Caminhos (Des)Construídos
Voltada para uma parede desde que nascera, já não sabia o que era uma porta, uma janela que deixasse ver para além de cinco metros defronte de si, já não sabia recordar o que era "lá fora". Apenas o que era "cá dentro" e esse era escuro, medonho, húmido e assustador.
Muitos anos foram passados caminhando contra a parede rugosa, caindo sempre que com ela embatia. Uma vez após outra. Muitas vezes depois de muitas. Mas por mais que andasse ao longo deste obstáculo, impossível de transpor, nunca foi capaz de encontrar uma folga, uma porta, uma janela, um intervalo de parede por onde lhe fosse possível passar.
Todos à sua volta tinham pena dela, ajudando-a como podiam, dando-lhe esperança. Embora ela, sempre insatisfeita, insistisse em afirmar que os outros nunca lhe eram suficientes.
Passados muitos anos, já aleijada de tanto embater na sólida parede, já não se podia mexer, contando com uma série de pessoas que eram agora os seus braços e as suas pernas, os seus olhos, o seu nariz, a sua boca. Embora continuasse as suas eternas queixas, era possível ver que, desistindo de voltar a enfrentar a parede, se tinha acomodado num canto onde lhe era agora mais confortável ficar, sendo servida por toda aquela gente que nutria por ela uma frequente pena, que não era senão a pena de si próprio.
Contudo, certo dia, apercebeu-se de que as pessoas começavam, devagar e gradualmente,a deixar de vir ter com ela, olhando-a de soslaio, como se algo de bizarro se passasse.

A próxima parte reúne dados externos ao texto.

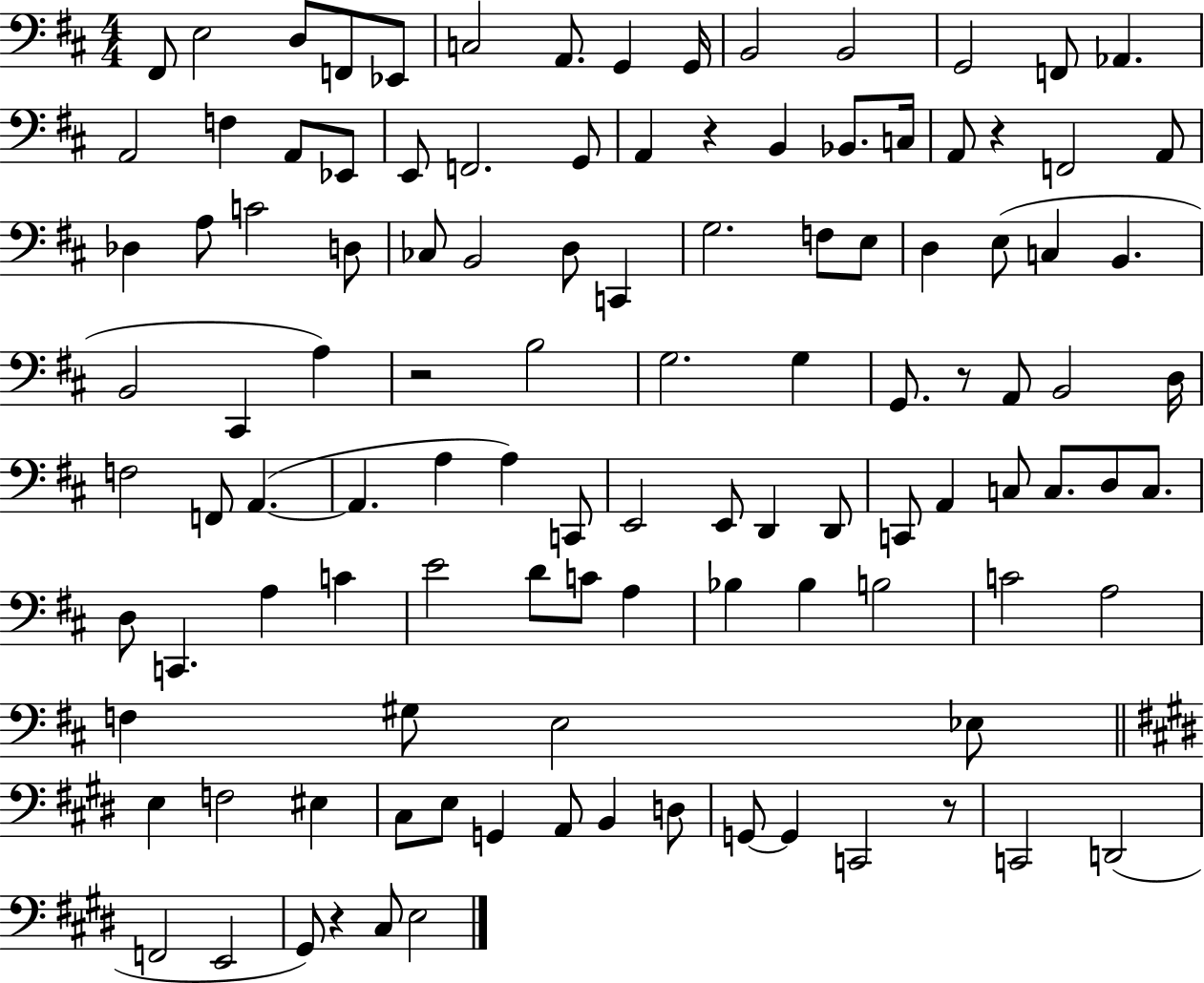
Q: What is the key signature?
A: D major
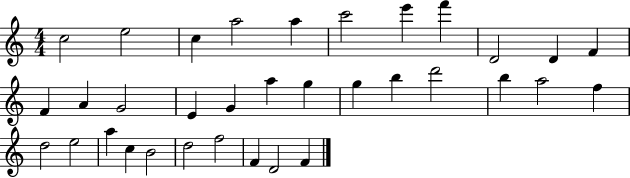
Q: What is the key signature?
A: C major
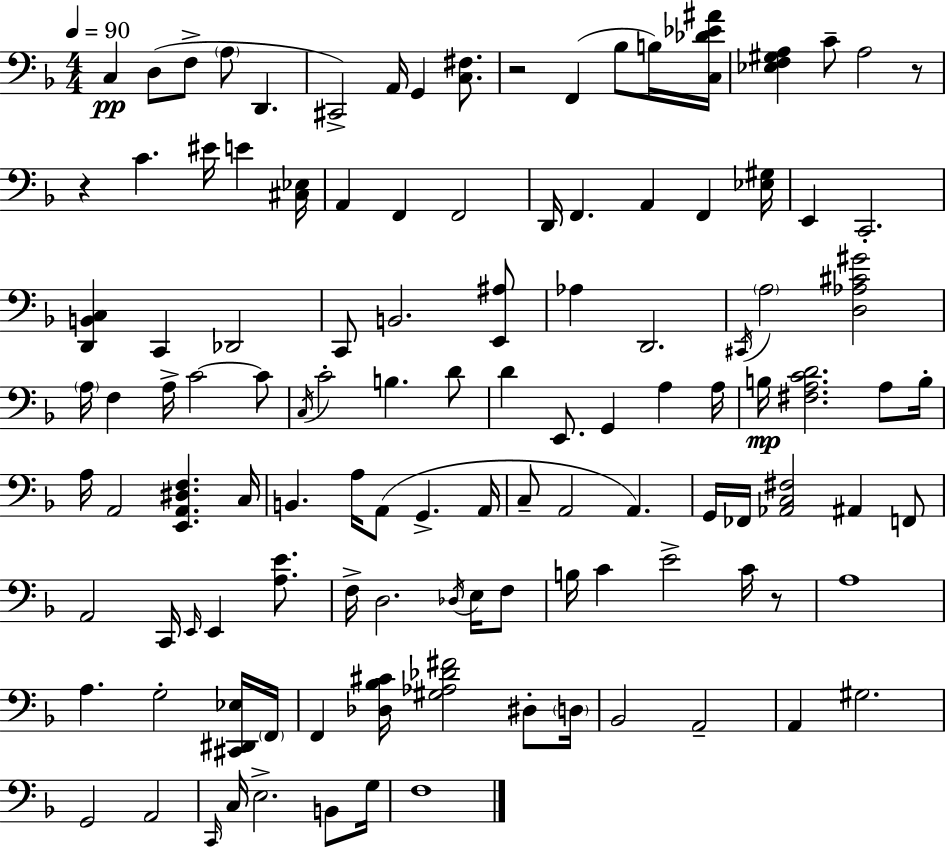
C3/q D3/e F3/e A3/e D2/q. C#2/h A2/s G2/q [C3,F#3]/e. R/h F2/q Bb3/e B3/s [C3,Db4,Eb4,A#4]/s [Eb3,F3,G#3,A3]/q C4/e A3/h R/e R/q C4/q. EIS4/s E4/q [C#3,Eb3]/s A2/q F2/q F2/h D2/s F2/q. A2/q F2/q [Eb3,G#3]/s E2/q C2/h. [D2,B2,C3]/q C2/q Db2/h C2/e B2/h. [E2,A#3]/e Ab3/q D2/h. C#2/s A3/h [D3,Ab3,C#4,G#4]/h A3/s F3/q A3/s C4/h C4/e C3/s C4/h B3/q. D4/e D4/q E2/e. G2/q A3/q A3/s B3/s [F#3,A3,C4,D4]/h. A3/e B3/s A3/s A2/h [E2,A2,D#3,F3]/q. C3/s B2/q. A3/s A2/e G2/q. A2/s C3/e A2/h A2/q. G2/s FES2/s [Ab2,C3,F#3]/h A#2/q F2/e A2/h C2/s E2/s E2/q [A3,E4]/e. F3/s D3/h. Db3/s E3/s F3/e B3/s C4/q E4/h C4/s R/e A3/w A3/q. G3/h [C#2,D#2,Eb3]/s F2/s F2/q [Db3,Bb3,C#4]/s [G#3,Ab3,Db4,F#4]/h D#3/e D3/s Bb2/h A2/h A2/q G#3/h. G2/h A2/h C2/s C3/s E3/h. B2/e G3/s F3/w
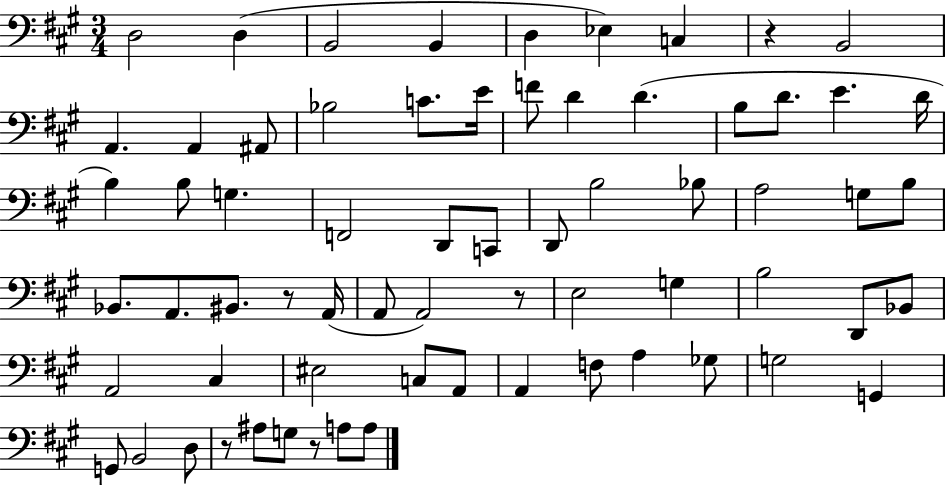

Por momentos, numa fracção de segundo, quando olhou em frente, constatou que à sua frente já não se erguiam as temerosas paredes. Na verdade, foi possível por momentos ver uma longa sequência de janelas abertas que deixava ver uma bela composição de azuis. O caminho tornara-se potencialmente macio.
Tudo decorreu em fracções de segundo... que fazer agora que já estava aleijada, sentada, dependente dos serviços dos que a rodeavam...? Todo este tempo teria sido em vão. Rapidamente os seus olhos passaram a ver novamente a parede cinzenta, ainda mais sólida, ainda mais intransponível. Tudo isto, apesar de na verdade, existir um caminho apesar de difícil no início, bem mais suave, bem mais macio...
Face a tal contradição, as pessoas à sua volta começaram a tentar mostrar-lhe que existiam saídas. Contudo, estas tentativas colocavam sempre mais em causa o pequeno mundinho que ela construíra para sobreviver. Negando veementemente tal realidade, iniciava-se sempre uma onda de insultos às pessoas que a queriam arrancar daquele torpor e afinal estranho bem-estar.
A pouco e pouco, todos desistiram de ajudar quem não queria ser ajudado. A solidão passou a valer-lhe de companhia e ela pode, uma vez mais, confirmar que ninguém era bom o suficiente para ela, que ela não prestava, e eternizar a sua inabalável fé na ruindade do mundo.